- Source data:
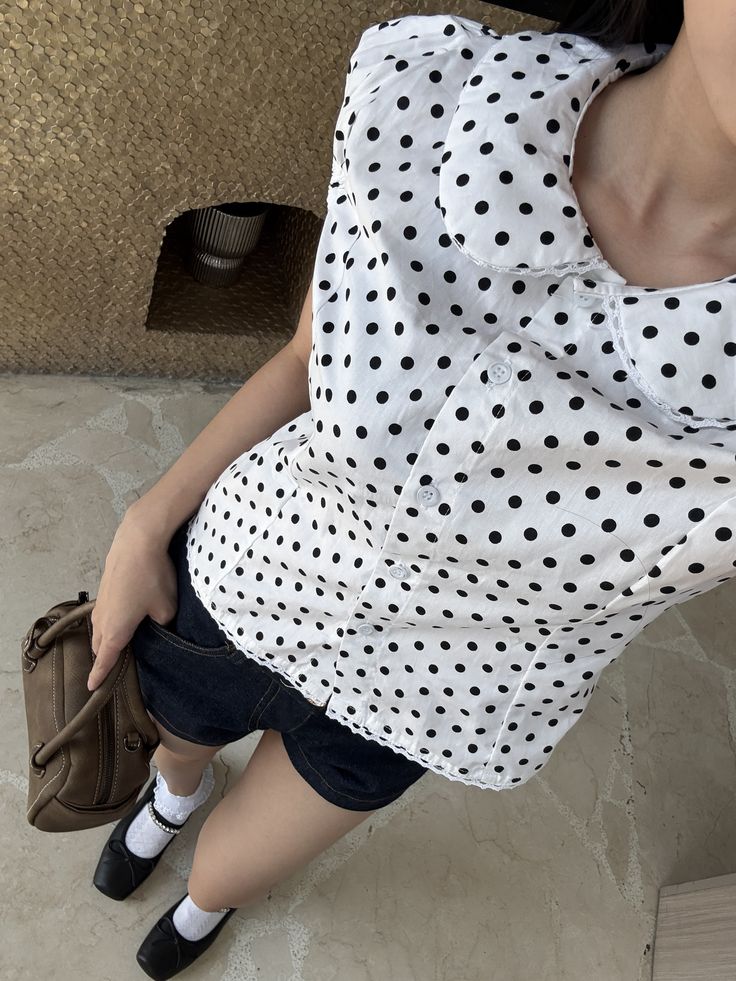 anothliza's tweet image. polkadot outfit that fits daily life.

- a thread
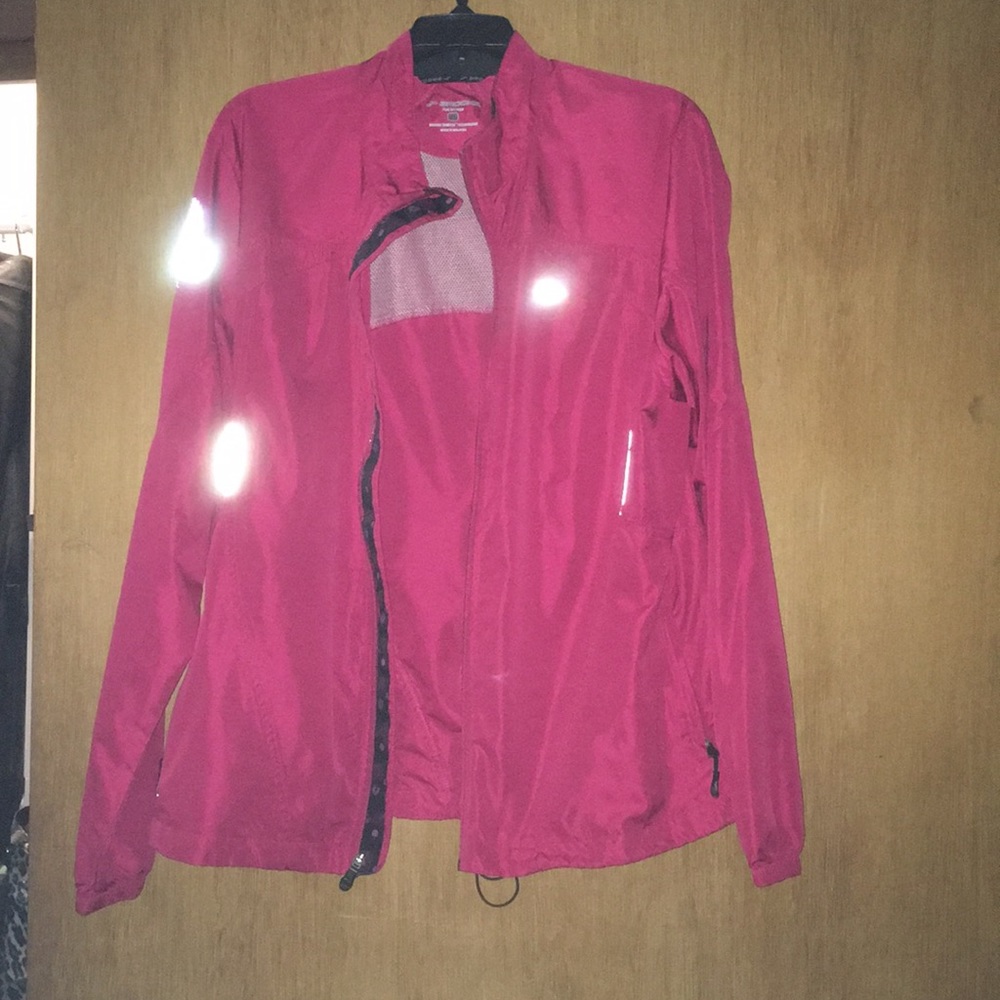 Brooks women’s windbreaker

- Activity: Would you give the material back exactly, minus the pictures?

- Exercise answer:
 anothliza's tweet image. polkadot outfit that fits daily life.

- a thread
 Brooks women’s windbreaker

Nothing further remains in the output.